Wednesday, March 30, 2011

Renaissance

I think i’ve mentioned it before: my vague ambition to someday write a book (or something) about the "Maple Ridge Renaissance" (a strangely localized explosion of creative brilliance i witnessed among friends and acquaintances in the late 90s, which continues to inspire me today). I was reminded of that project this morning, while reflecting on recent events in my personal life.

An obvious point of reference is my birthday. I’ve been 33 for three days now… and i’ve been feeling compelled (by some numerological and nostalgic impulse) to write a list of reasons why Back to the Future Part 3 was such a dismally disappointing movie. But of course Roger Ebert has taken care of that for me. And, as i should have expected, he did better than that; he concludes with the following wisdom:

“The one thing that remains constant in all of the "Back to the Future" movies, and which I especially like, is a sort of bittersweet, elegiac quality involving romance and time. In the first movie, McFly went back in time to be certain his parents had their first date. The second involved his own romance. The third involves Doc Brown and Clara. In all of these stories, there is the realization that love depends entirely on time. Lovers like to think their love is eternal.
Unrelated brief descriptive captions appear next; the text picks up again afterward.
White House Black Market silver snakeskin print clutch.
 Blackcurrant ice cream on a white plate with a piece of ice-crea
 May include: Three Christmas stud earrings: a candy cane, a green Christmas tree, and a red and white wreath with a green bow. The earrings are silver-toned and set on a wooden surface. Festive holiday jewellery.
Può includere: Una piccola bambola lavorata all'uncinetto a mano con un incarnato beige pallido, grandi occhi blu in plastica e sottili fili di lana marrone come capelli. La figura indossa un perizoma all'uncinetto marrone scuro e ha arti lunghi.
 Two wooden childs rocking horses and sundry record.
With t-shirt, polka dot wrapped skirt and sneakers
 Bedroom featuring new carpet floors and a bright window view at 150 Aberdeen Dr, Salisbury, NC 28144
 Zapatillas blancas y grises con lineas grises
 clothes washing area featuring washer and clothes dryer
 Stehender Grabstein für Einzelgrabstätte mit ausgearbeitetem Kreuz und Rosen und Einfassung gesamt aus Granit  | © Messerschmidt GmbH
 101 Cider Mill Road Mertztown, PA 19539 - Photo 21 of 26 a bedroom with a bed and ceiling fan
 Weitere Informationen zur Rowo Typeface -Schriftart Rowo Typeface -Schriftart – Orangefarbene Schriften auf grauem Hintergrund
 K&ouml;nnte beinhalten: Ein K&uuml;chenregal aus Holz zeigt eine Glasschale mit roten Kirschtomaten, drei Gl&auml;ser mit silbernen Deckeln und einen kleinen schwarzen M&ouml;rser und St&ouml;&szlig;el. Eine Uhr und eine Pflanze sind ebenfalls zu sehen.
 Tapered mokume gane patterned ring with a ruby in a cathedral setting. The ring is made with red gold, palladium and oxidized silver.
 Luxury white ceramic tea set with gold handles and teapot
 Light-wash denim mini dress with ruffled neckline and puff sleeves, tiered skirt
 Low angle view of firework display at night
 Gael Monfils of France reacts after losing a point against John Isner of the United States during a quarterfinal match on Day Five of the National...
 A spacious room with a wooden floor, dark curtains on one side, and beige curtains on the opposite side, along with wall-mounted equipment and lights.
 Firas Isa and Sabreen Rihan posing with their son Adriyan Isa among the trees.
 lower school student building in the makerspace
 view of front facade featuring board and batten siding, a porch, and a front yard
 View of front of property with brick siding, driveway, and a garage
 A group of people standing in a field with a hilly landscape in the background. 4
But do they ever realize it depends entirely on temporal coincidence, since, if they were not alive at the same time, romance hardly would be feasible?”

Ebert, as always, demonstrates the rich rewards of applying genius attention to ostensibly mundane material. And Ebert is, obviously, a genius in the classic sense: i predict he will be honored posthumously as one of the greatest writers of the modern era. His reviews remind me of Walter Benjamin’s insightful sensitivity and awareness of the latent significance in each layer of life’s routine scrapheap.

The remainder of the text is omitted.